_INSTRUCTIONS TO FOLLOW_
Below are the records; copy exactly the lines from the first through the one containing "Gold bee statement", both included, and leave out the pictures.

_Short descriptive text snippets_
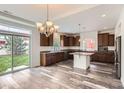 Beautiful kitchen with dark wood cabinets, granite countertops, stainless appliances and eat in dining area at 133 Poppy View Ln, Erie, CO 80516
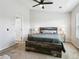 Bedroom featuring a large bed with stylish headboard and neutral decor, plus adjacent doorway at 4181 W 118Th Pl, Westminster, CO 80031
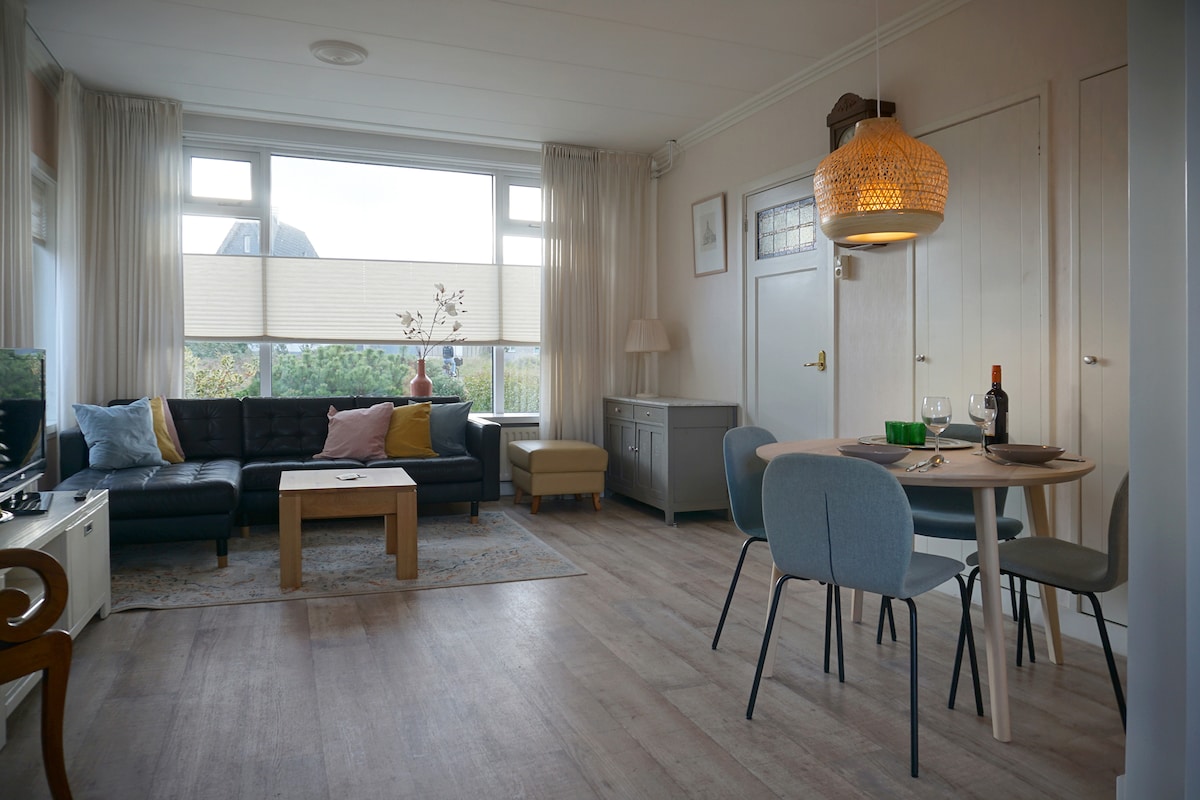A welcoming living area features a comfortable dark sofa adorned with colorful cushions opposite a light wooden coffee table. A dining table with chairs is situated nearby, illuminated by a woven pendant light. Expansive windows offer a view of the outdoors, enhancing the airy ambiance.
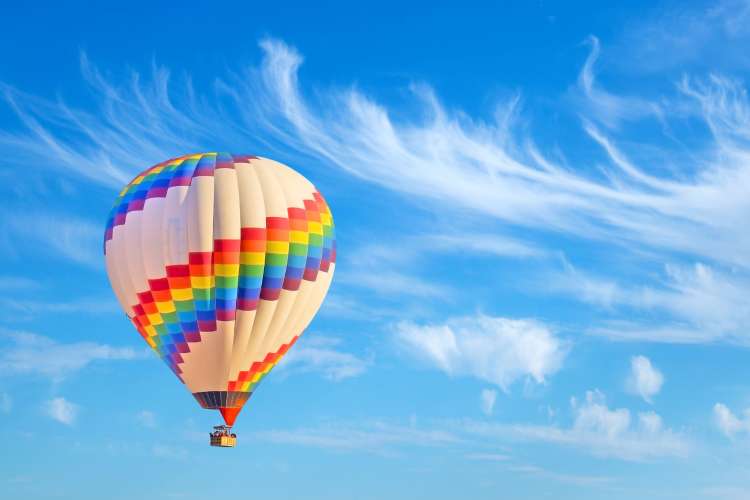 a colorful hot air balloon in flight on a clear, sunny day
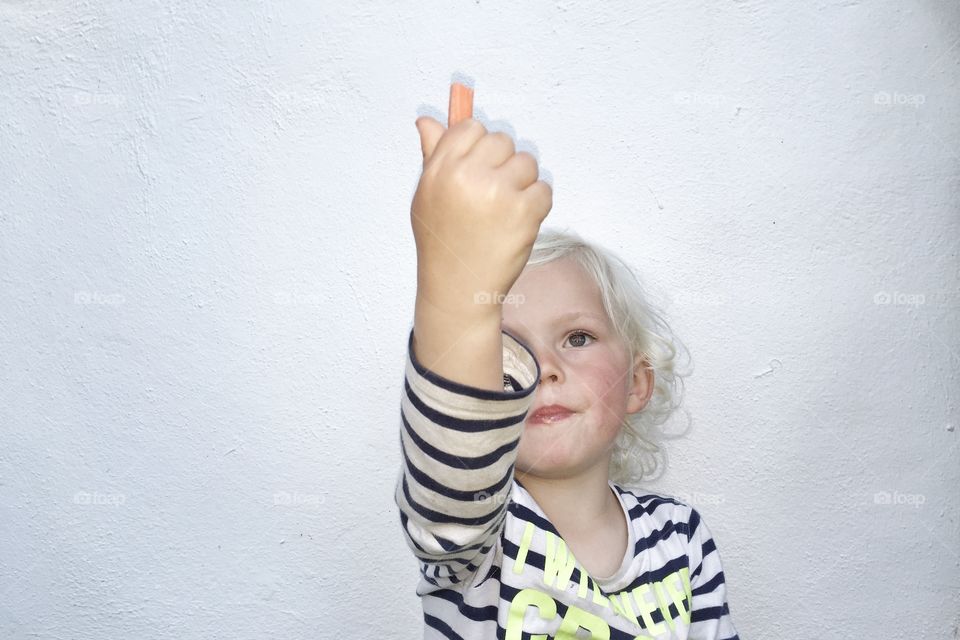 Boy holding up a carrot 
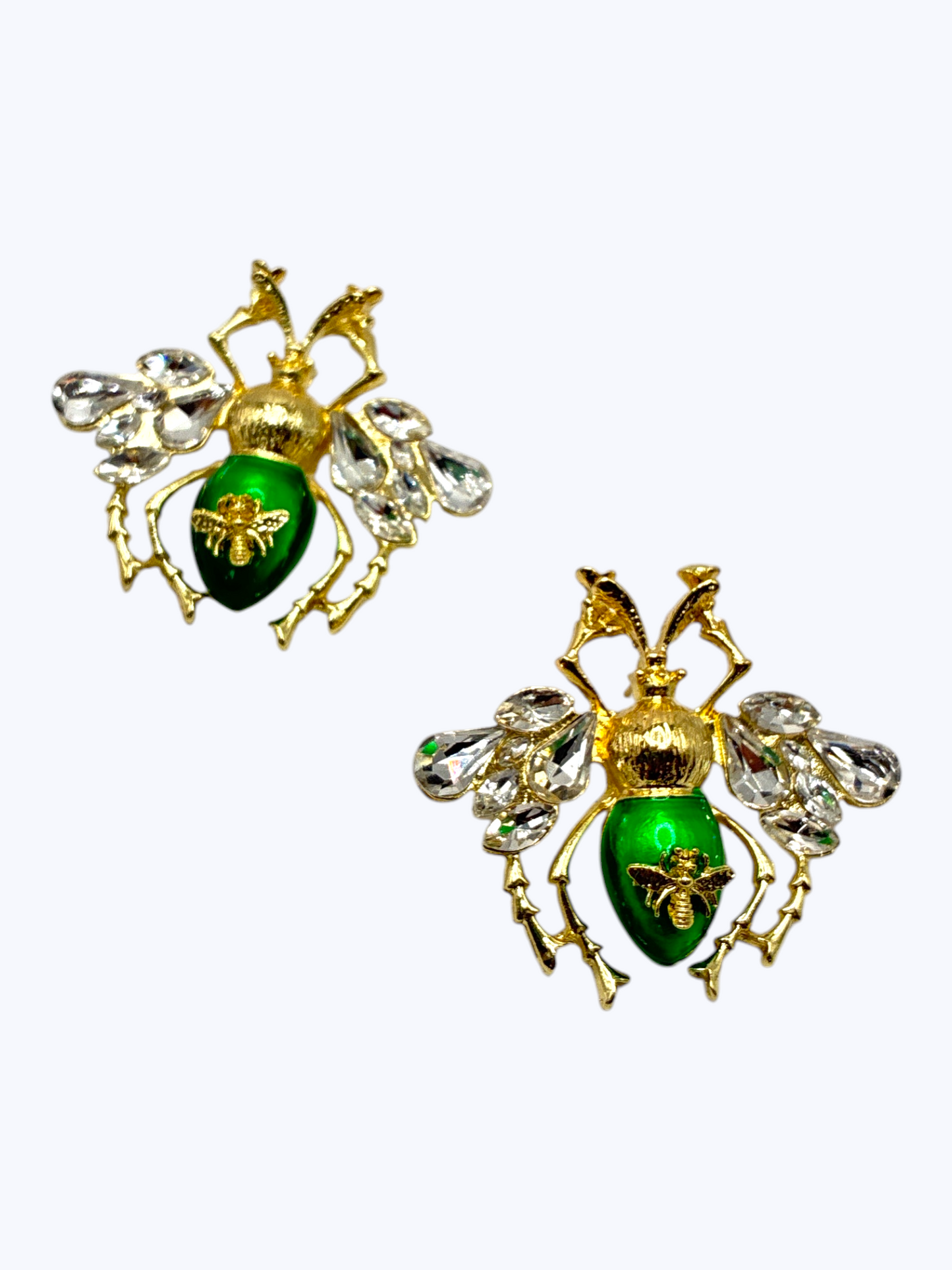 Gold bee statement earrings with crystal wing accents and glossy emerald enamel details for a bold luxe boutique look.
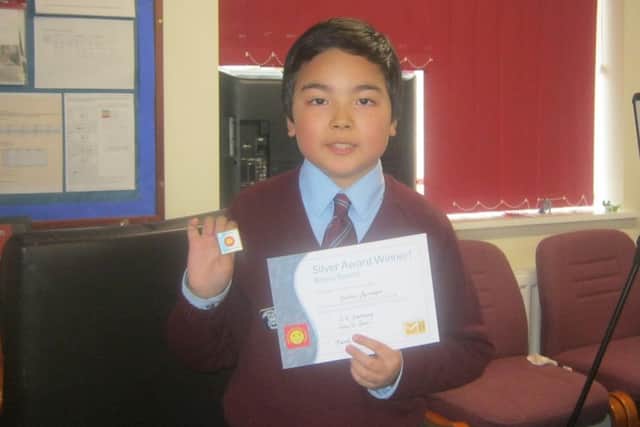 Young mathematician Matthew Springer of Sleaford with his silver award. EMN-170604-155914001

_OUTPUT OF THE EXERCISE_
 Beautiful kitchen with dark wood cabinets, granite countertops, stainless appliances and eat in dining area at 133 Poppy View Ln, Erie, CO 80516
 Bedroom featuring a large bed with stylish headboard and neutral decor, plus adjacent doorway at 4181 W 118Th Pl, Westminster, CO 80031
A welcoming living area features a comfortable dark sofa adorned with colorful cushions opposite a light wooden coffee table. A dining table with chairs is situated nearby, illuminated by a woven pendant light. Expansive windows offer a view of the outdoors, enhancing the airy ambiance.
 a colorful hot air balloon in flight on a clear, sunny day
 Boy holding up a carrot 
 Gold bee statement earrings with crystal wing accents and glossy emerald enamel details for a bold luxe boutique look.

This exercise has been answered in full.